**Your objective**
From the first line to the last, set down the material exactly and drop every picture.

**Dataset entries**
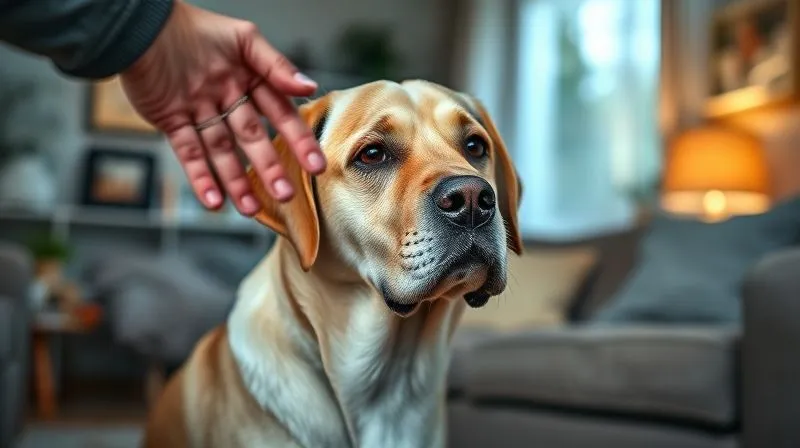 Photorealistic, professional photography, 8K, cinematic lighting, sharp focus, depth of field, shot on a high-end DSLR. A thoughtful senior dog, perhaps a Labrador, looking slightly confused in a familiar living room setting, with a gentle, concerned human hand reaching out to comfort it. The lighting is soft and warm, emphasizing empathy and the challenge of cognitive decline. Photorealistic, professional photography, 8K, cinematic lighting, sharp focus, depth of field, shot on a high-end DSLR. A thoughtful senior dog, perhaps a Labrador, looking slightly confused in a familiar living room setting, with a gentle, concerned human hand reaching out to comfort it. The lighting is soft and warm, emphasizing empathy and the challenge of cognitive decline.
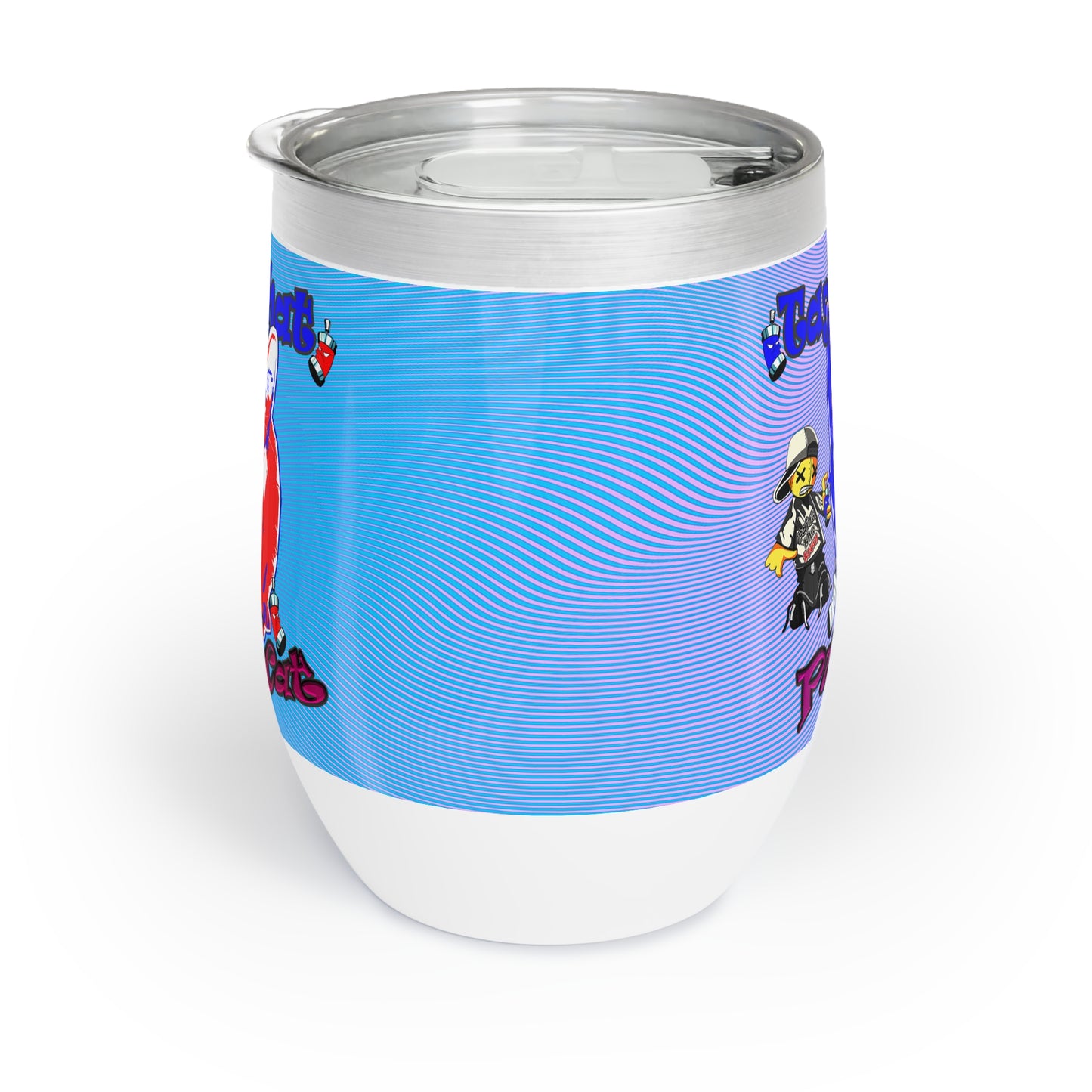 tag that - Chill Wine Tumbler (light blue-purple wave)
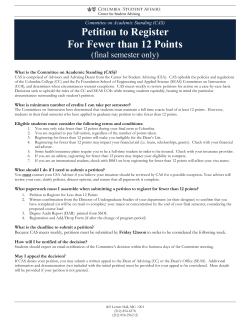 Petition to Register For Fewer than 12 Points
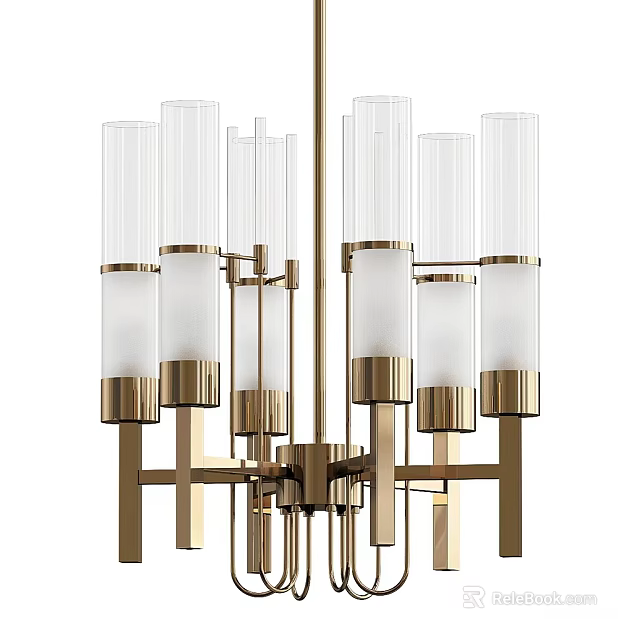 Elegant Modern Brass Chandelier Featuring Transparent Glass Tubes And White Shades 3d model 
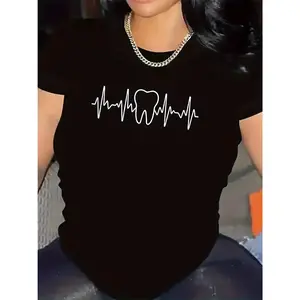 T-Shirt With Heartbeat Tooth Design |   Lightweight Durable Fabric, Comfortable Fit For Daily Use In Clinic Or Home Settings, Crew Neck, Medium Stretch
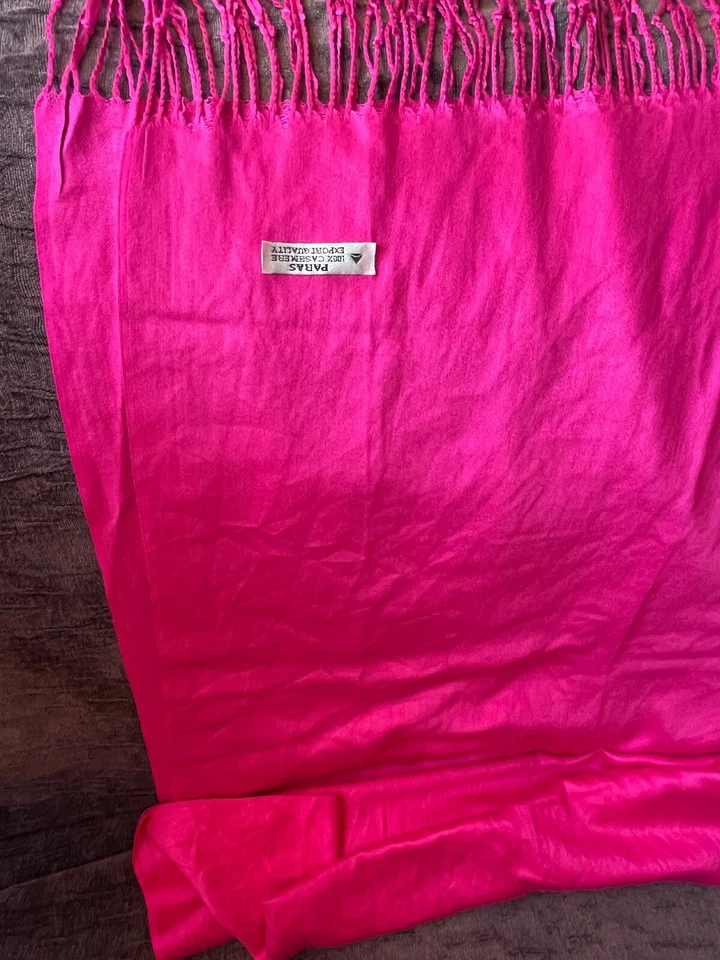 Super Soft Paras 100% Cashmere Large Hot Fuchsia Pink Neck Scarf w Fringe - abou - Изображение 4 из 4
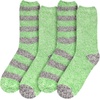 image:imageBambooMN Womens Soft Fuzzy Warm Cozy Striped Solid Socks  4 Pair Value PacksStripe Solid Green Grey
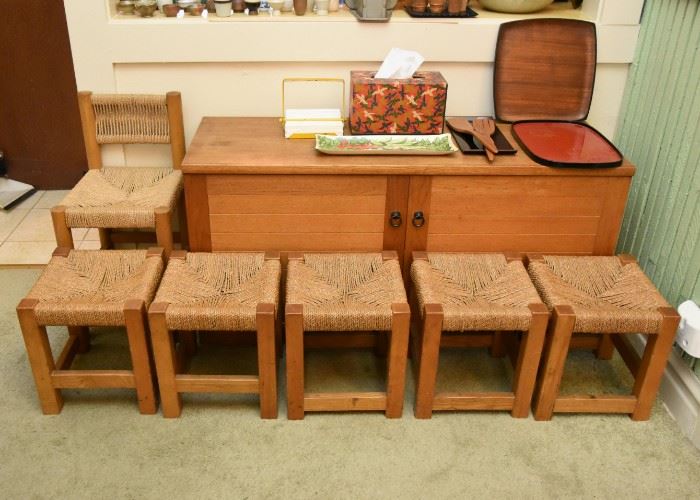 Set of 6 Wood & Rattan Low Stools (only 5 shown)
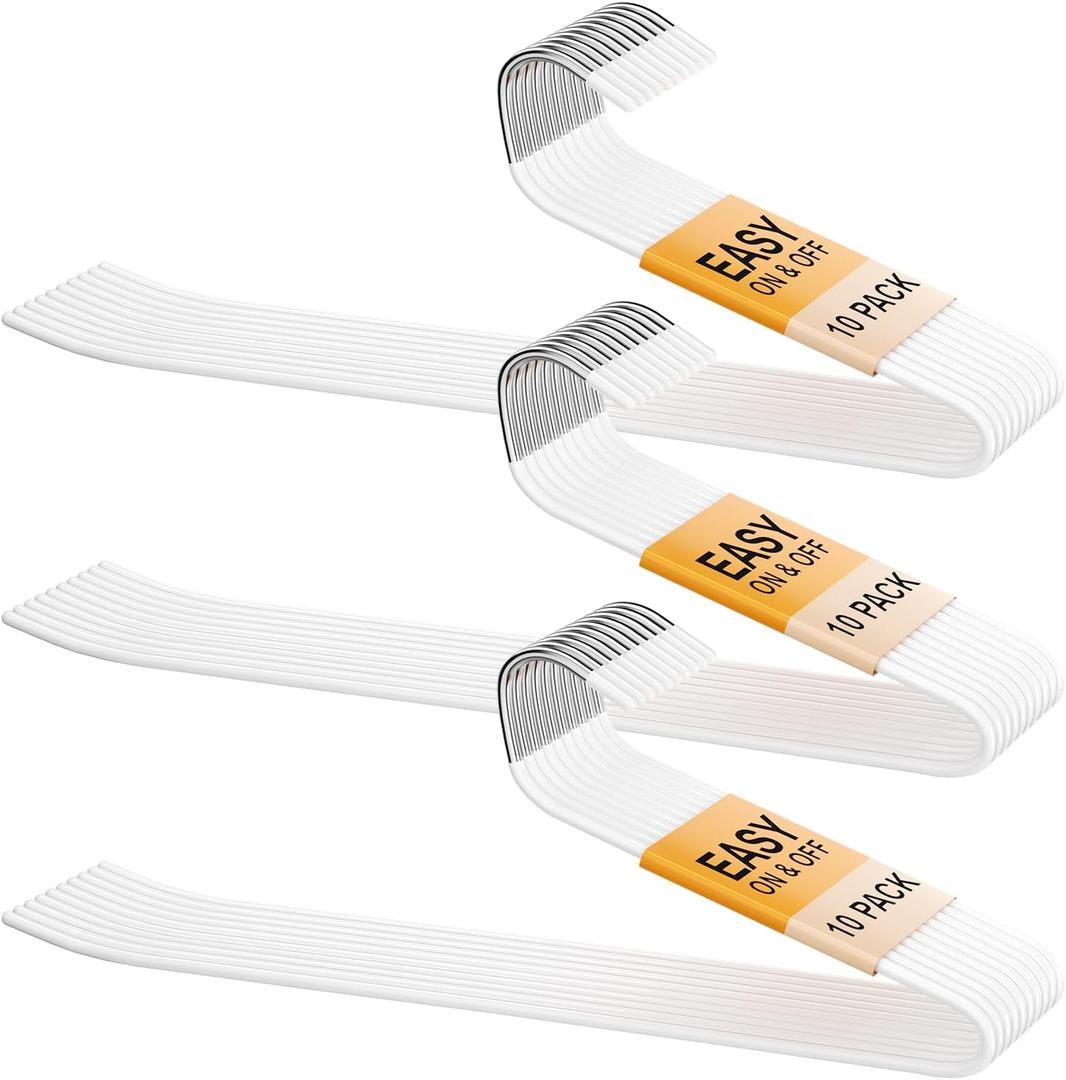 MOPALL Pants Hangers 30 Pack, Non Slip Durable Open Ended Metal Clothes Hangers, Rubber Coated Trouser Hanger Space Saving Convenient for Pants, Jeans, Scarfs and Towels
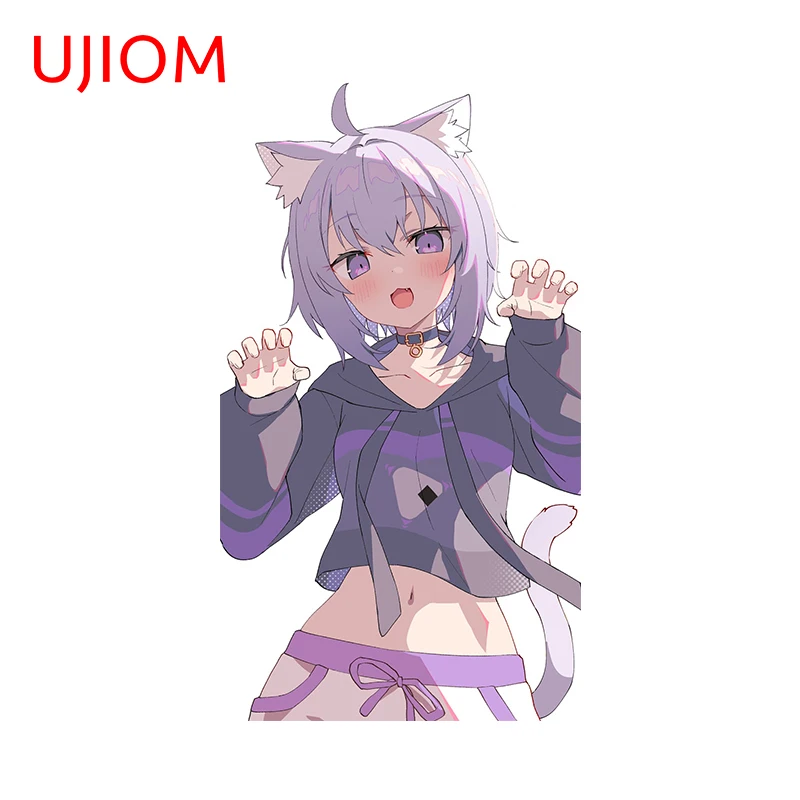 UJIOM 13cm X 7.3cm Cartoon Girl Hololive Nekomata Okayu Cute Wall Stickers Vestibule Decal Appealing Living Room Wallpaper Decor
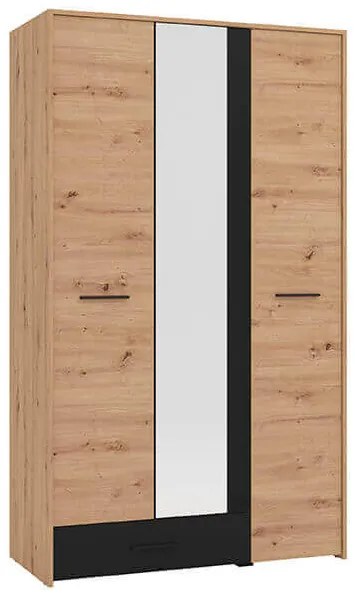 CADDIE - armadio tre ante moderno minimal in legno cm 119 x 53 x 203,7 h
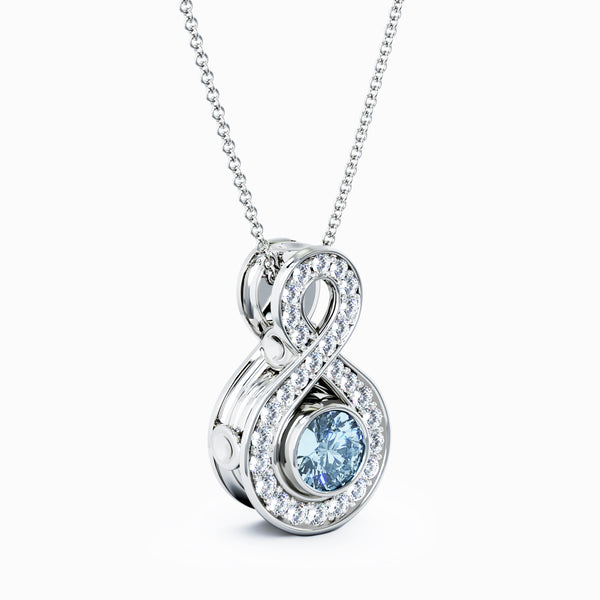Eternity Small Diamond Cremation Pendant - 18K White Gold - Aquamarine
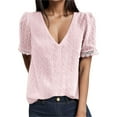 thumbnail image 1 of Riforla Elegant Women Casual Plain Short Sleeve V Neck Lace T-Shirt Blouse Tops Jacquard T-Shirt Top Summer Tops for Women Pink_001 XXL, 1 of 4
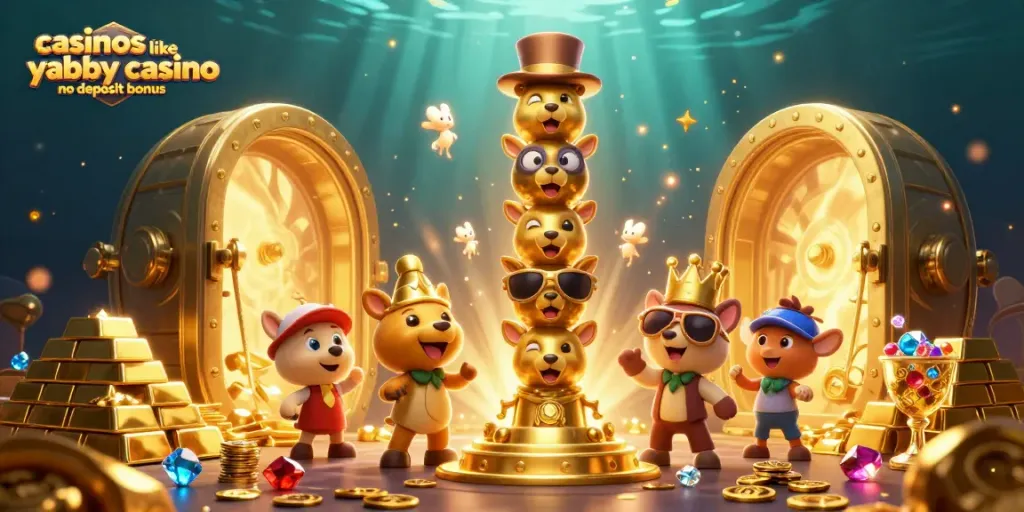 Win big at casinos like yabby casino no deposit bonus with vibrant 3D illustration of gaming extravaganza.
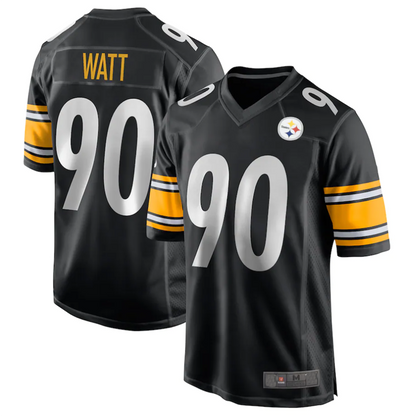P.Steelers #90 T.J. Watt Player Black Game Fotoball Jerseys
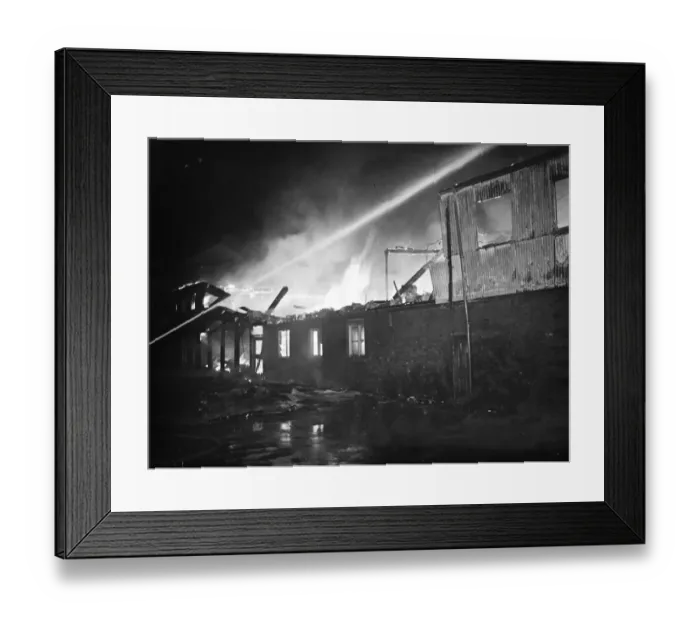 Framed Print : Fire, Halls, Dartford. 1937 Framed Print : Fire, Halls, Dartford. 1937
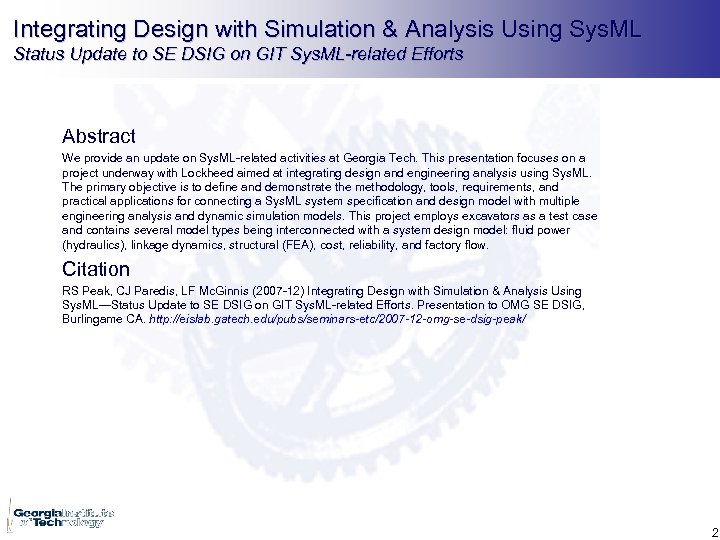 Integrating Design with Simulation & Analysis Using Sys. ML Status Update to SE DSIG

**Response**
 Photorealistic, professional photography, 8K, cinematic lighting, sharp focus, depth of field, shot on a high-end DSLR. A thoughtful senior dog, perhaps a Labrador, looking slightly confused in a familiar living room setting, with a gentle, concerned human hand reaching out to comfort it. The lighting is soft and warm, emphasizing empathy and the challenge of cognitive decline. Photorealistic, professional photography, 8K, cinematic lighting, sharp focus, depth of field, shot on a high-end DSLR. A thoughtful senior dog, perhaps a Labrador, looking slightly confused in a familiar living room setting, with a gentle, concerned human hand reaching out to comfort it. The lighting is soft and warm, emphasizing empathy and the challenge of cognitive decline.
 tag that - Chill Wine Tumbler (light blue-purple wave)
 Petition to Register For Fewer than 12 Points
 Elegant Modern Brass Chandelier Featuring Transparent Glass Tubes And White Shades 3d model 
 T-Shirt With Heartbeat Tooth Design |   Lightweight Durable Fabric, Comfortable Fit For Daily Use In Clinic Or Home Settings, Crew Neck, Medium Stretch
 Super Soft Paras 100% Cashmere Large Hot Fuchsia Pink Neck Scarf w Fringe - abou - Изображение 4 из 4
 image:imageBambooMN Womens Soft Fuzzy Warm Cozy Striped Solid Socks  4 Pair Value PacksStripe Solid Green Grey
 Set of 6 Wood & Rattan Low Stools (only 5 shown)
 MOPALL Pants Hangers 30 Pack, Non Slip Durable Open Ended Metal Clothes Hangers, Rubber Coated Trouser Hanger Space Saving Convenient for Pants, Jeans, Scarfs and Towels
 UJIOM 13cm X 7.3cm Cartoon Girl Hololive Nekomata Okayu Cute Wall Stickers Vestibule Decal Appealing Living Room Wallpaper Decor
 CADDIE - armadio tre ante moderno minimal in legno cm 119 x 53 x 203,7 h
Eternity Small Diamond Cremation Pendant - 18K White Gold - Aquamarine
 thumbnail image 1 of Riforla Elegant Women Casual Plain Short Sleeve V Neck Lace T-Shirt Blouse Tops Jacquard T-Shirt Top Summer Tops for Women Pink_001 XXL, 1 of 4
 Win big at casinos like yabby casino no deposit bonus with vibrant 3D illustration of gaming extravaganza.
P.Steelers #90 T.J. Watt Player Black Game Fotoball Jerseys
 Framed Print : Fire, Halls, Dartford. 1937 Framed Print : Fire, Halls, Dartford. 1937
 Integrating Design with Simulation & Analysis Using Sys. ML Status Update to SE DSIG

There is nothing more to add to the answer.